• MATERIAL FOR THIS TASK:

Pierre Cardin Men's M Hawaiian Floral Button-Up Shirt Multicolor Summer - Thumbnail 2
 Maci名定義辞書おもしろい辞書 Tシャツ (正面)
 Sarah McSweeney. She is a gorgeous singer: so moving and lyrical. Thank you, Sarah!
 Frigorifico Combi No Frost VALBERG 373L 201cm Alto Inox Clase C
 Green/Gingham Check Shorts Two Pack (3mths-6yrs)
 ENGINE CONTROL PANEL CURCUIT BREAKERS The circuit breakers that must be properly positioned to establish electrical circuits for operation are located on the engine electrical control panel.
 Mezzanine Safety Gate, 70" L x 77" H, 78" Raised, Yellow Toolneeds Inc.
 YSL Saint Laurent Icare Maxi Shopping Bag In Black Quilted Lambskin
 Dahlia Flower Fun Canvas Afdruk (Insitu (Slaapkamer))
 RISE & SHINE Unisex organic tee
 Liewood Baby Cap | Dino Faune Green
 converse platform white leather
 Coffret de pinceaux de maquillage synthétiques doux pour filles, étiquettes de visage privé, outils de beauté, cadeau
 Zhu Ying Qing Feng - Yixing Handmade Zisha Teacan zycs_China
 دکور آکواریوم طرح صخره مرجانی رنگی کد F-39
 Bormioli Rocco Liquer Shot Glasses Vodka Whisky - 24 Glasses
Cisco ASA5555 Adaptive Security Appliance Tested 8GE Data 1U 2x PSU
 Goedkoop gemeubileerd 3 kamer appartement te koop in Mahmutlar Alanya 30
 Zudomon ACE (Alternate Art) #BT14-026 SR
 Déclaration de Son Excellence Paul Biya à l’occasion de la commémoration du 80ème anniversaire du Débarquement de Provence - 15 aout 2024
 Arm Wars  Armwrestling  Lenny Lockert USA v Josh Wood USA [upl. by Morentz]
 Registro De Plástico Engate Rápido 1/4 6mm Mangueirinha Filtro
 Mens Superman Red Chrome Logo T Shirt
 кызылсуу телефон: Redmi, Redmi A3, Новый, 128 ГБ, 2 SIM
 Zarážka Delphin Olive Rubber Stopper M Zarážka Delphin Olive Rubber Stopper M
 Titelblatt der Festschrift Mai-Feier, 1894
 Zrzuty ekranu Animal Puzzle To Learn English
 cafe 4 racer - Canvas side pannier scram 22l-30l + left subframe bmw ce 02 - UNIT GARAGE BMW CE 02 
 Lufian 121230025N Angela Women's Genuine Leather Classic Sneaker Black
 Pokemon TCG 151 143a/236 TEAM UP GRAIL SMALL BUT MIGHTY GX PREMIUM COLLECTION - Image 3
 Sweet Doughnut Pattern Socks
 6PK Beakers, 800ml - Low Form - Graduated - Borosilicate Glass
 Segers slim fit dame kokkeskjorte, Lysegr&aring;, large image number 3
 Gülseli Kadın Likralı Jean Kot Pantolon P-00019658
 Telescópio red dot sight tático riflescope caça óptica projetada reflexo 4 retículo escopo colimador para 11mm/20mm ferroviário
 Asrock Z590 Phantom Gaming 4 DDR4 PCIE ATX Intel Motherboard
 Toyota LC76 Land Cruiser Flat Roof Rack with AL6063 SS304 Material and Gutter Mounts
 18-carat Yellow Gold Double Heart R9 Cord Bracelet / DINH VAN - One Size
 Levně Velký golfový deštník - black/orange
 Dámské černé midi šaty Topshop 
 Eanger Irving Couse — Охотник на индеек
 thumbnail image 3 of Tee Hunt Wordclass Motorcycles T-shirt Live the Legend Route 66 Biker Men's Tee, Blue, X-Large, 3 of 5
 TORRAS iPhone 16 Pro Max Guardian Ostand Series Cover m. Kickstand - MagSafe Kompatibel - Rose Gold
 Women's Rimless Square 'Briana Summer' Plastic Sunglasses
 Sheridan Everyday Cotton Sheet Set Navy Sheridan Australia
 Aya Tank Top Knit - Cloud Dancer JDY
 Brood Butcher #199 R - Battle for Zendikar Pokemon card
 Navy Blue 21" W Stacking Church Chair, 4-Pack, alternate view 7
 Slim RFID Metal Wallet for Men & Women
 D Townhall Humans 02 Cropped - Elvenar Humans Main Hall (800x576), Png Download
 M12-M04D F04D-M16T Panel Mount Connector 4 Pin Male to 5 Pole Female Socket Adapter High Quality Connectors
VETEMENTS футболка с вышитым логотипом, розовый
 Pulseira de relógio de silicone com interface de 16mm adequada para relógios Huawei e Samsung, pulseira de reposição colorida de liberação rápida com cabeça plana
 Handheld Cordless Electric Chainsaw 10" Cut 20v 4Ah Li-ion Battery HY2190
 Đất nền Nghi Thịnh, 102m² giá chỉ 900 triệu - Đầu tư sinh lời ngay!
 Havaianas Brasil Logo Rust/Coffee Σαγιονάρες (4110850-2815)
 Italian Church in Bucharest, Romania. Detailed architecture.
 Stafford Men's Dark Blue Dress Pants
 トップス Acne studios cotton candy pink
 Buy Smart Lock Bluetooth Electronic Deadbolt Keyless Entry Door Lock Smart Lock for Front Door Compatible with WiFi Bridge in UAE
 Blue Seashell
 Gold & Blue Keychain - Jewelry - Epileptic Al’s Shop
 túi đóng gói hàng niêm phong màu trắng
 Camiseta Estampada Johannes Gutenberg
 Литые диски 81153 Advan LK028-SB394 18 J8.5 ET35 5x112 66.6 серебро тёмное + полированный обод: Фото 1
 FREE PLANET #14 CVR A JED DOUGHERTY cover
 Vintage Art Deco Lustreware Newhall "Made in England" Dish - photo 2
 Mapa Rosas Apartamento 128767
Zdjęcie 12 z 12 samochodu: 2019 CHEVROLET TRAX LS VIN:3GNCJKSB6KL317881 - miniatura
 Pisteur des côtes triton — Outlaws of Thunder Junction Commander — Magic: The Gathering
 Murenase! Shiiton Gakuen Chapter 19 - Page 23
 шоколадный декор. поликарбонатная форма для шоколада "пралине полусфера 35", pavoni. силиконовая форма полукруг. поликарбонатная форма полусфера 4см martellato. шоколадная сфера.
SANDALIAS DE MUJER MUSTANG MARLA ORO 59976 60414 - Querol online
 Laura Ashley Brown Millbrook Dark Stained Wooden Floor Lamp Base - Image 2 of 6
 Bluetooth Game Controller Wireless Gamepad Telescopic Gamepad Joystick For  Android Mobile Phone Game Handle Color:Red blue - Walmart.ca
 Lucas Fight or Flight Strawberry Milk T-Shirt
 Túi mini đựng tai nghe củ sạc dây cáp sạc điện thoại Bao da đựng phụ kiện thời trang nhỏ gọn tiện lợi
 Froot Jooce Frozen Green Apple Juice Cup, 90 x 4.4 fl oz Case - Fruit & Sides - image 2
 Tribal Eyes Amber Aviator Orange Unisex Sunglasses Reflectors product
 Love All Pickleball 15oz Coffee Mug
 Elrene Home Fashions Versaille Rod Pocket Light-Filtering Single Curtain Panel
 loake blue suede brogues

• DIRECTIONS FOR THIS TASK: Across the records, how many lines carry the word "Pokemon"? The answer should be a number alone.

• TASK SOLUTION: 2